Teachers on the Sunshine Coast affectionately call the 150 km stretch of highway ribboning through stunning forest and ocean vistas from Langdale to Egmont “our hallway.” Known for its tourism and talented artists, the Sunshine Coast is also strong on unions, with its unionized mill, ferry, school district, government, and hospital workers. Community solidarity was evident at teacher rallies and picket lines during the 2014 strike. Teachers describe their communities as supportive, creative, and safe. One teacher shared that “every time I have a field trip, one parent sends in double the fee, so a student who wouldn’t be able to afford it can also go.”
Shishalhl (Sechelt Nation) language and culture is embedded in the curriculum and teachers infuse Aboriginal perspectives through ethnobotany work, cedar harvesting, adopt-a-tree programs, even making “wood cologne.” The district’s traditional canoe supports floating field trips on coastal waters.
With over 30% of teachers new to the district over the past five years, mentorship is a priority. Their mentee-driven model is supported with release time for in-service, staff development, and curriculum implementation.
Professional development is collaborative and ongoing, supporting autonomous choices made by teachers. The union office hums with so much activity it feels like a bee hive at times. School PD representatives use the BCTF PD Lens to guide decisions. A Joint Education Implementation Committee of teachers, district staff, and the superintendent meets regularly to address complex issues.
In this tourist paradise, rising real estate prices and rental housing shortages due to a proliferation of short-term rentals create accommodation challenges for newer teachers. Yet they keep coming, and they want to stay!
Women lead in this local, providing strong role models. The Sunshine Coast Teachers’ Association (SCTA) has focused on succession planning by creating space for the ideas and energies of younger, newer teachers. As one teacher noted, “as a new woman teacher, I felt myself echoed and included,” adding “it feels empowering, to think of my union.” Clearly, camaraderie is a draw for these new teachers who describe their union as a place “to make friends, have fun together. It’s a safe place to fail. If someone knocks you down, your union will pick you up.”
Union life began early for Louise Herle. She recalls her parents, with four children under age 10 plus the dog squeezed into the car, driving from Saskatchewan to Fredericton so her father Wendelin, president of the Saskatchewan Teachers’ Federation, could attend the Canadian Teachers’ Federation AGM. He became CTF president.
Louise’s teaching experience spans Kindergarten to adult education, focusing on music, French, and English language learners. Louise has served in many roles: social justice, global education, health and safety, professional development and most recently on the BCTF Judicial Council. She is a role model and strong mentor; as one teacher said, “About 10 years ago I felt like leaving the profession. Louise urged me to get involved. Having a voice in the SCTA kept me in teaching.”
Louise highly values all professional relationships. While, as president she must remain alert on behalf of teachers to support the collective agreement, the motto, soft on people, hard on issues, serves her well. To maintain morale during the lengthy 2014 strike, teachers and Sunshine Coast Labour Council formed a band, Local Voices, that still performs at union events.
Louise says a highlight of her presidency has been the BCTF victory at the Supreme Court. She notes however, that teacher unions must remain vigilant, since “the struggle for decent wages and working conditions for teachers and quality public education continues.”
Midway though her busy seventh year as president, Louise is also studying Spanish and making travel plans for her upcoming deferred salary leave.
Sunshine Coast at a glance
Land: Traditional territory of the shíshálh (Sechelt) Nation and the Skwxwu7mesh uxwumixw (Squamish Nation)

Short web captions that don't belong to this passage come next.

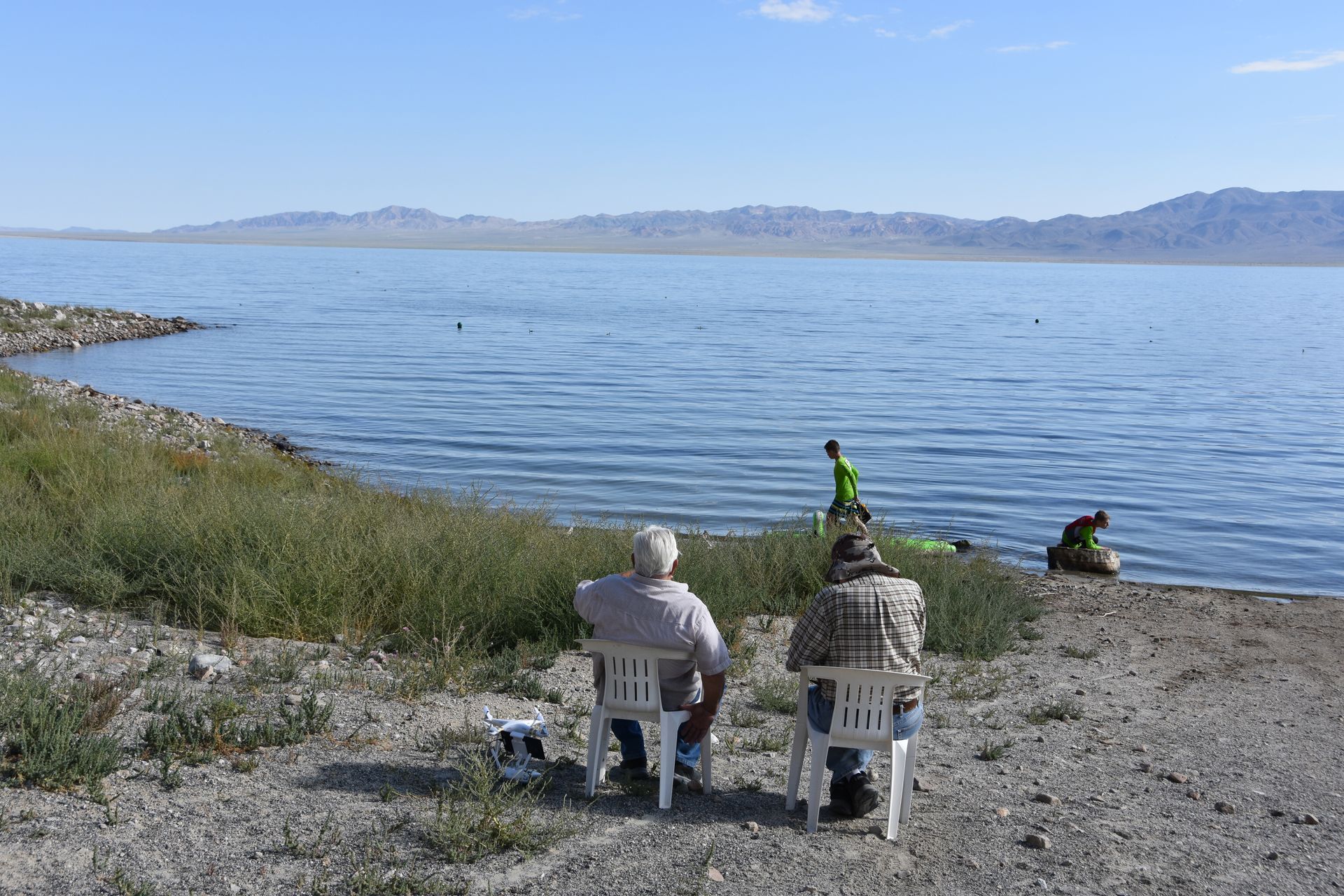 Two men are sitting on the shore of a lake
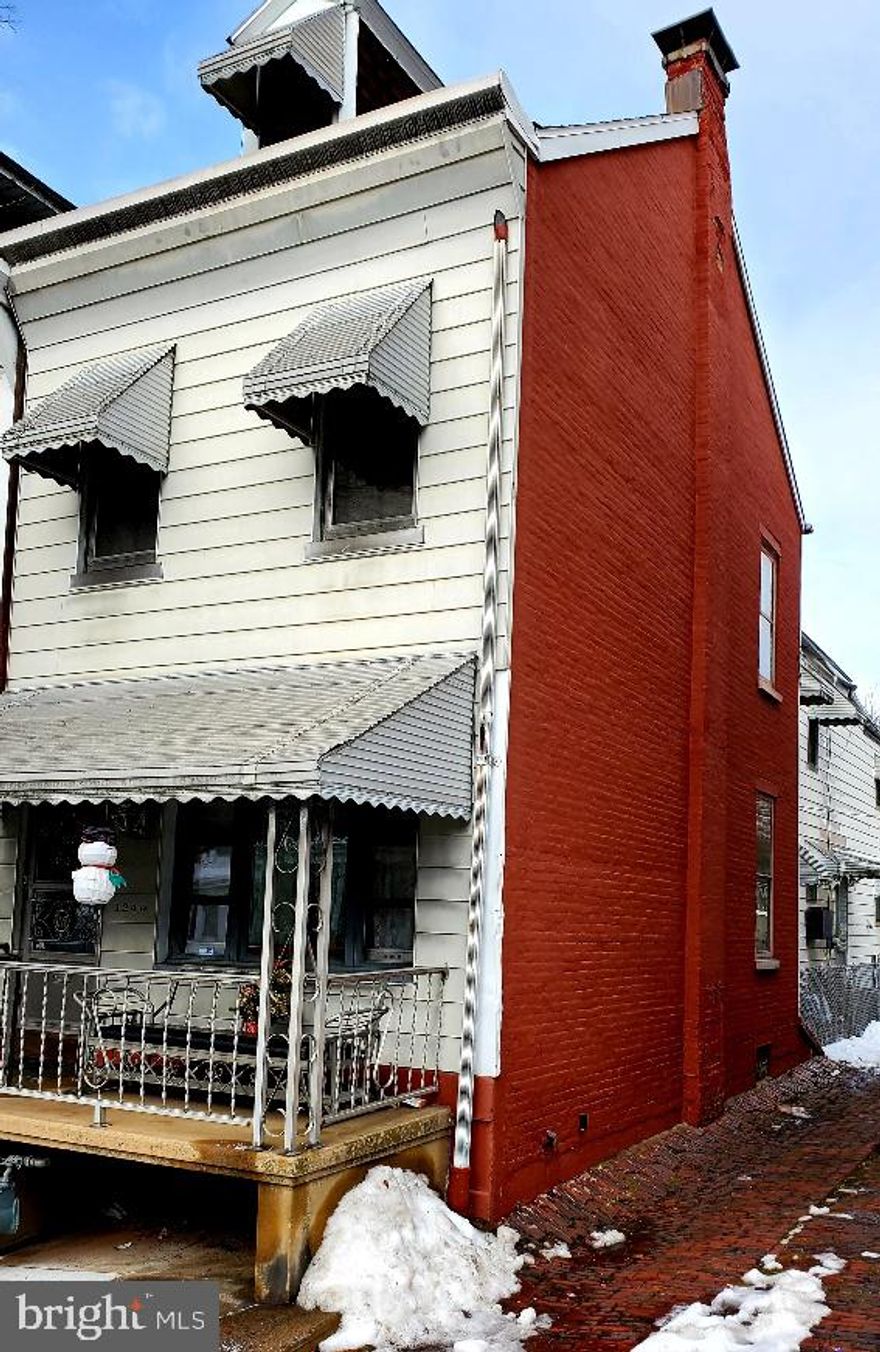 Lovely end of row with covered front porch and off- street parking. Home offers full baths on 1st floor and 2nd floor.    Nice kitchen layout with gas cooking and double bowl sink. Second floor has 4 bedrooms (some are walk thru) with closets and rear bath. Full unfinished basement with wood stove and economical gas heat. Attic is unfinished and offers plenty of storage space. Great fenced in rear yard with access to off street parking through the side alley.  With cosmetic updates, you can make this home shine. Home is being sold in "as is" condition. Inspections are for buyers information only. One Yr Home Warranty being offered with acceptable offer. Good investment and priced to sell.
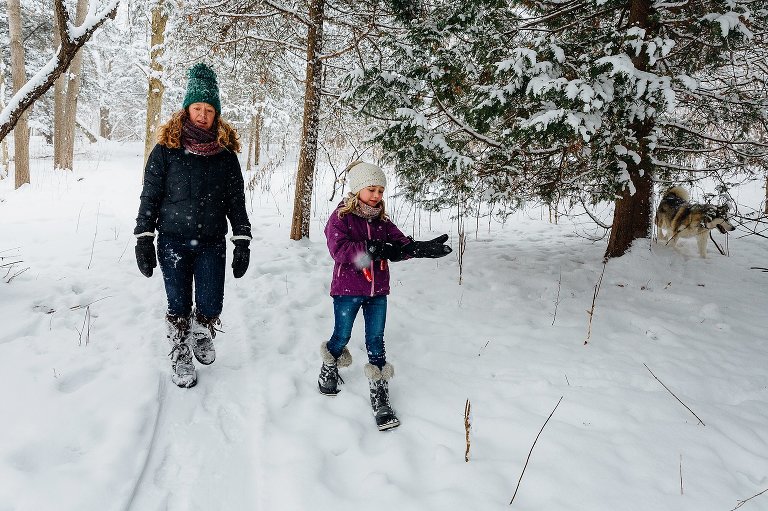Mothers and daughter walk in a snowy forest together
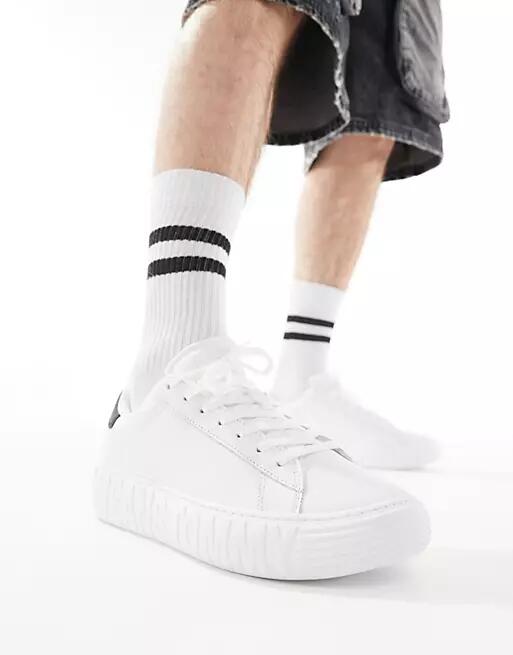 Tommy Jeans leather outsole sneakers in white Cover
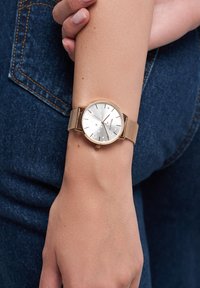 Runder silberner Uhr mit minimalistischer Gestaltung, goldfarbener Mesh-Armband und Sternakzenten auf dem Zifferblatt, auf einer Hand gegen Denim liegend.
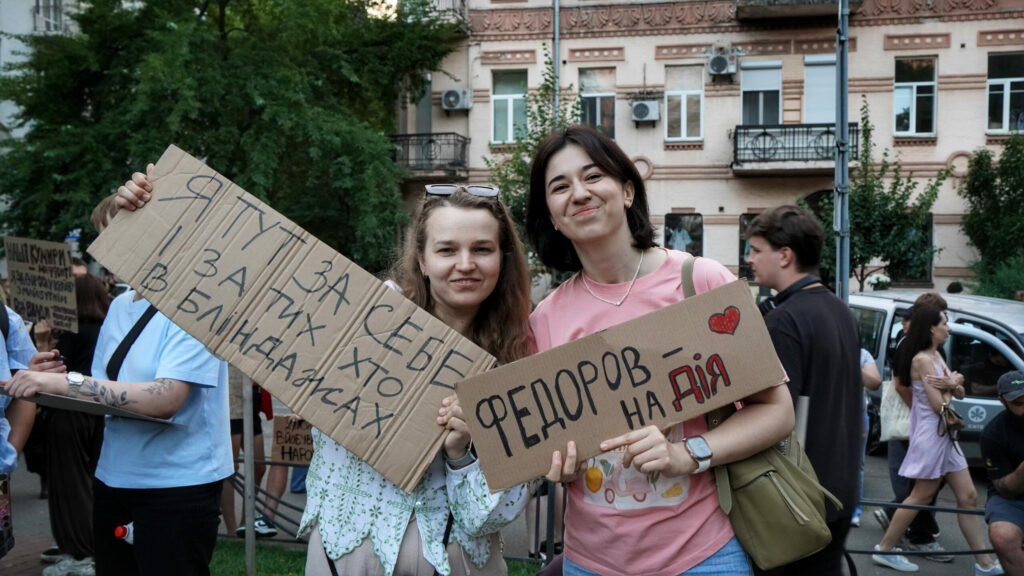 Tetjana Kopajhorodska (links) und Marija Melnyk (rechts) beim Papp-Protest Ende Juli 2026 in Kyjiw: „Ich bin hier für mich und für die in den Schützengräben“ und „Federow in Aktion“ / Foto © Olexandra Jefymenko/Zmina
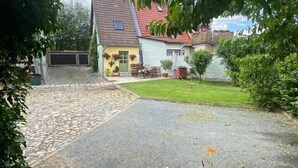 Una casa con techo inclinado, garaje y césped bien cuidado.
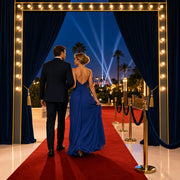 Couple stepping onto a red carpet as searchlights sweep the dusk sky, Iconic Showtime Luxe experience gift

Education system: 250 teachers, 13 schools (nine elementary, three secondary, one alternate), 3,340 students, including 144 ELL learners with 20+ home languages, including Arabic, Tagalog, Farsi, Spanish, Korean, Vietnamese and Czech.
Capilano University/College has a Sechelt campus.
Provincial parks: Sargent Bay, Mount Elphinstone, Mount Richardson, Francis Point, Tetrahedon, Smuggler Cove, Roberts Creek, and Spipyus.
Hiking: Sunshine Coast Trail, Dakota Ridge, Cliff Gilker, and many more.
Iris Griffith Center nature programs.